Mailing Lists: Apple Mailing Lists

Image of Mac OS face in stamp
 
[Date Prev][Date Next][Thread Prev][Thread Next][Date Index][Thread Index]

Re: dnd of filenames with locale specific characters



Ed Goulet wrote:

>Do you concur regarding the use of UTF-8?

No.  It makes no sense to me at all.  I don't even see where or why UTF-8
comes into the question.

A Java String is a sequence of 16-bit chars, not 8-bit bytes.  Each 16-bit
char is a code-point in the UTF-16 code.  C may have 8-bit chars, but Java
doesn't.  Java isn't C.

Even assuming fArray[i] is a String type, this code fragment makes no sense:
  byte[] theBytes = fArray[i].getBytes();
  String inUTF8 = new String(theBytes, "UTF8");

The variable named 'inUTF8' is not in fact encoded in UTF8.  Something very
different has happened, which I will examine in excruciating step-by-step
detail below.


First:

Some Latin-alphabet characters with accents, such as o-acute, have TWO
possible encodings in UTF-16 (or in UTF-8, for that matter).  One is the
"composed accent" form.  For o-acute, that's code position U+00F3.  The
second form is "decomposed accent" form, which is the unadorned letter code
(U+006F) followed by the combining acute accent (U+0301).  All
combining-accent forms apply to the prior character, and they "stack", so
you can have multiple ones applied to a single base character.

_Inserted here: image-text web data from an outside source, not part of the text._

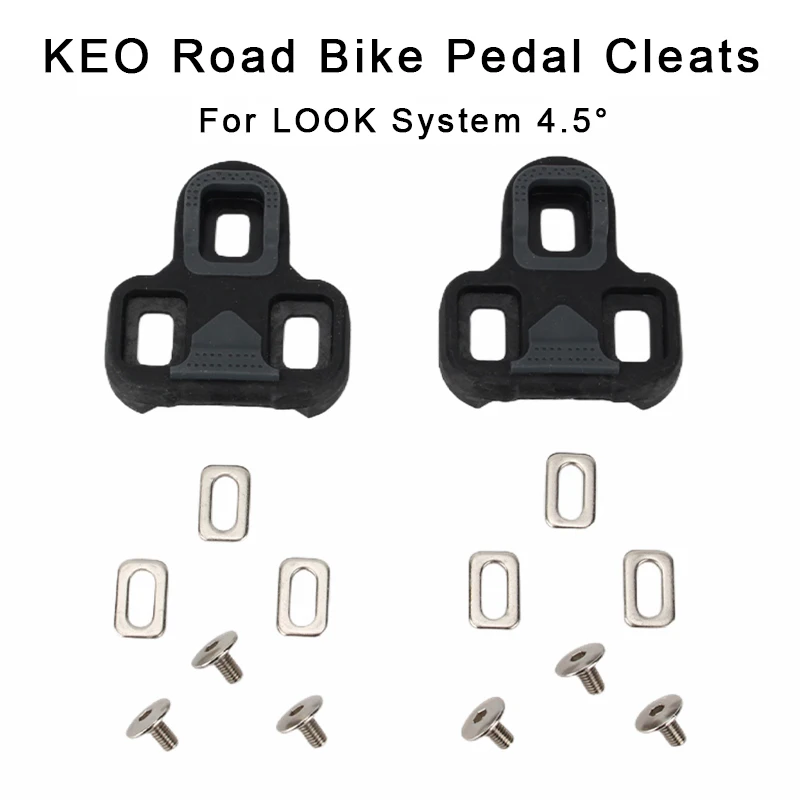 RIRO Road bike cleats For LOOK KEO Shimano SPD system Bicycle Clipless pedals lock plate sh11 Cycling Shoes Cleats Pedal Clip - الصورة 4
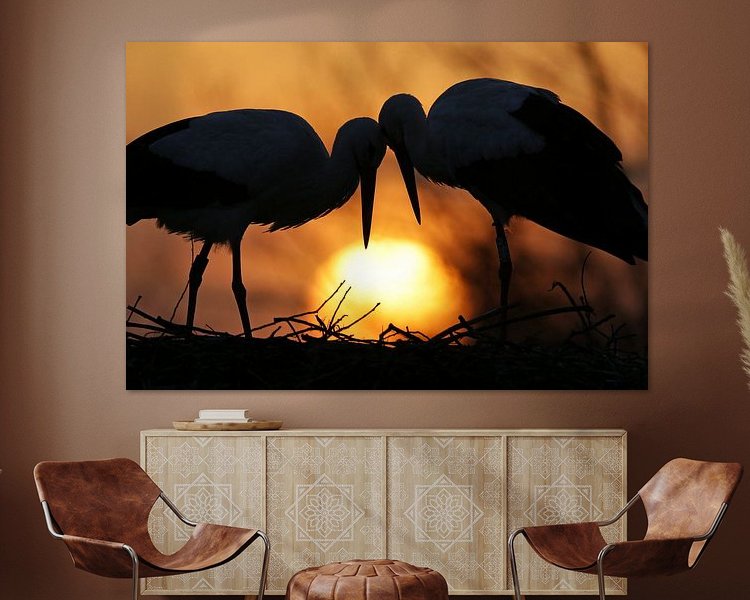 Voorbeeld van het werk in een kamer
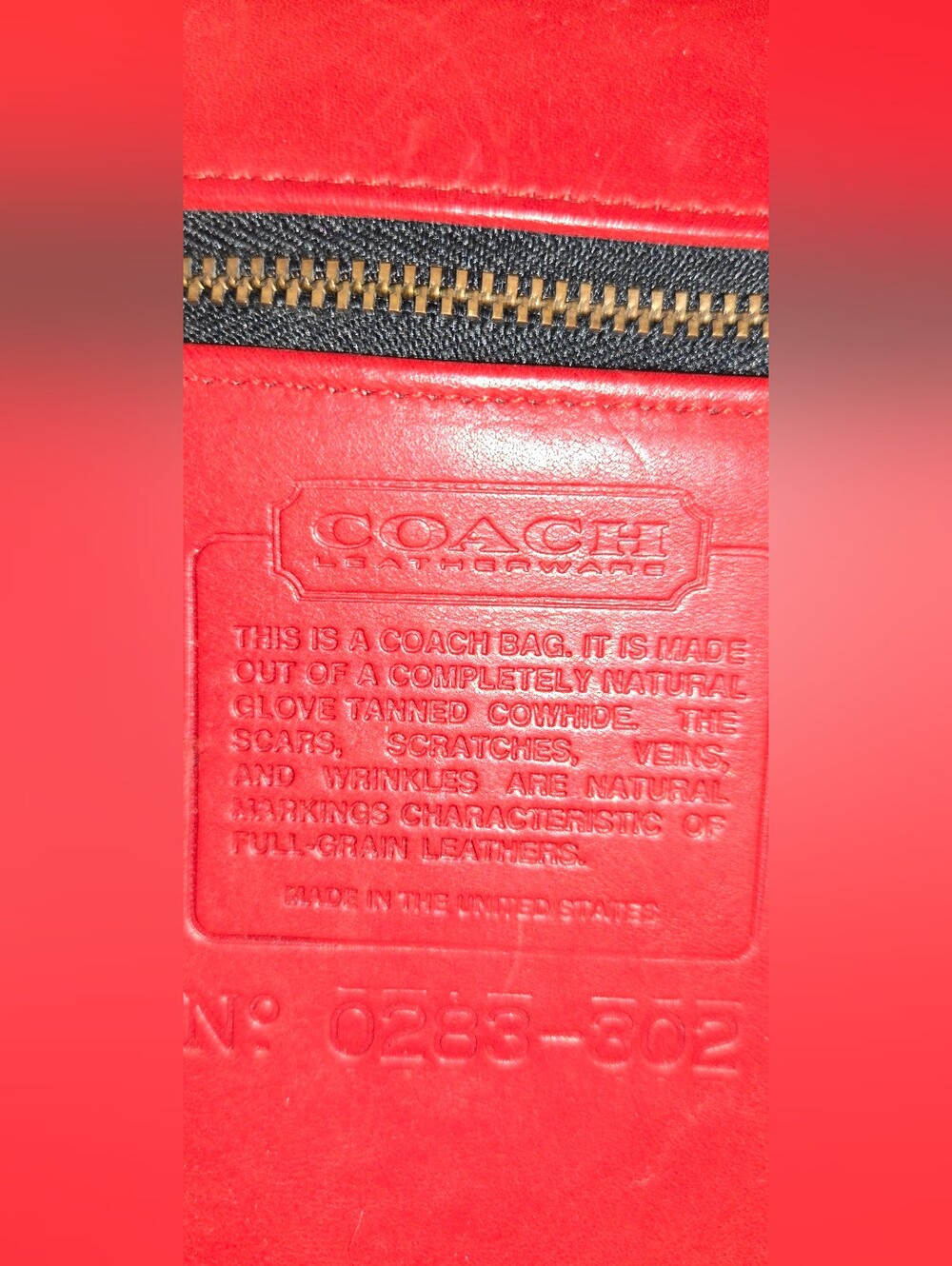 Vintage Coach Post Pouch - Picture 14 of 16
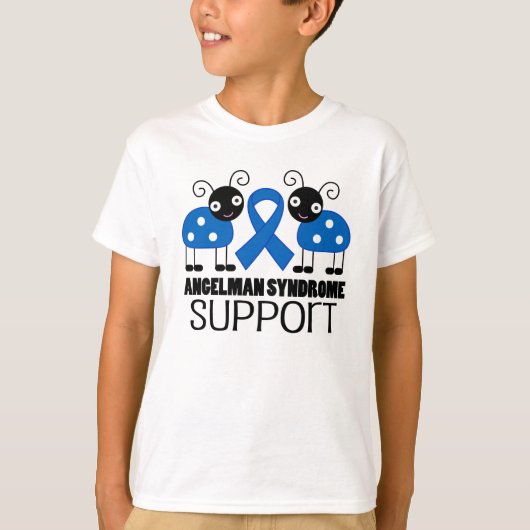 T-shirt Ruban de sensibilisation au syndrome d'Angelman (Devant)
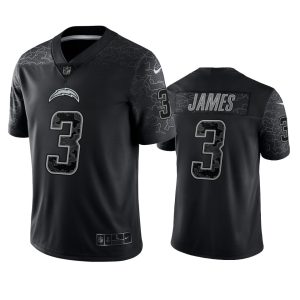 Derwin James Los Angeles Chargers Black Reflective Limited Jersey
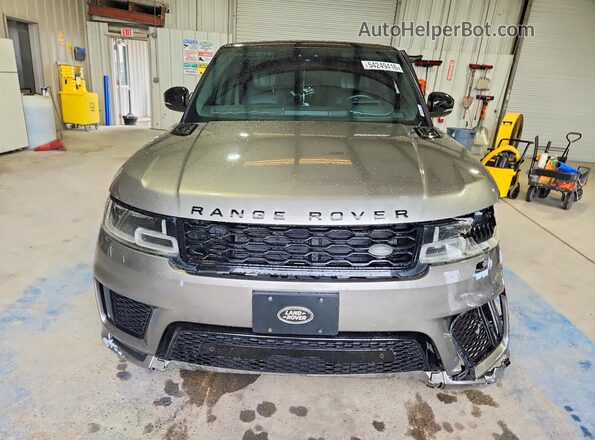 SALWV2SVXJA189051 2018 LAND ROVER RANGE Silver Вид спереду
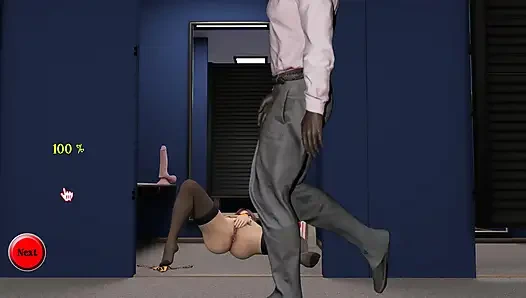 Sapık yapımcı 6: cliair'in soyunma odası dildoya binme orgazmı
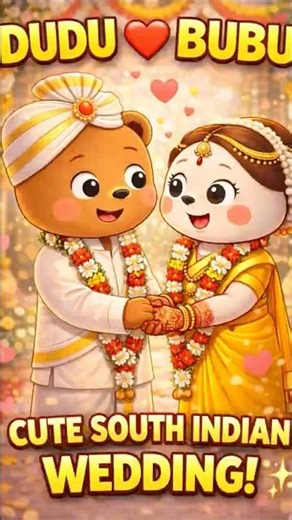Ek Cute Si Shaadi 🥹💛 | Dudu & Bubu South Indian Wedding #shorts #shortsfeed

Now, if you use Finder to drop files or folders on a Java app, the
handleOpenFile() method receives an ApplicationEvent with a filename.  When
you call getFilename(), you receive the String ALREADY ENCODED in UTF-16.
You DO NOT receive UTF-8.

The String returned by getFilename() ALSO uses the decomposed accent form,
NOT the composed accent form.  So if you assume that each char represents
an ENTIRE character, you will be mistaken.  Some chars are represented by
an unadorned character followed by a composing accent.

The reason for this is that HFS+ stores accented chars in decomposed form:
  <http://developer.apple.com/technotes/tn/tn1150table.html> -- table

However, if you use these Strings as filenames, to make File objects, they
will work.  You can call File.exists() or new FileInputStream(File) and it
will all work.  At least it does in all the versions of Java 1.3, 1.4, or
1.5 I've tested this on.

If you have evidence of decomposed accents not working in filenames, please
post the exact versions of Java and Mac OS X the problem appears in.


Second:

Say you do this to the String from ApplicationEvent.getFilename():
  String filename = theEvent.getFilename();
  byte[] theBytes = filename.getBytes();
  String inUTF8 = new String(theBytes, "UTF8");

Let's look at each line in detail.

1: String filename = theEvent.getFilename();

This clearly gets a String from the event.  What is the String's encoding?
It's clearly UTF-16, because a Java char is 16-bits, and Strings are a
sequence of char elements.

Does the String use composed or decomposed accents?  It uses decomposed
accents, because that's how HFS+ stores accented characters on disk:

So if the filename had an o-acute in it, that would be TWO adjacent chars:
'o' followed by combining-acute accent (U+0301).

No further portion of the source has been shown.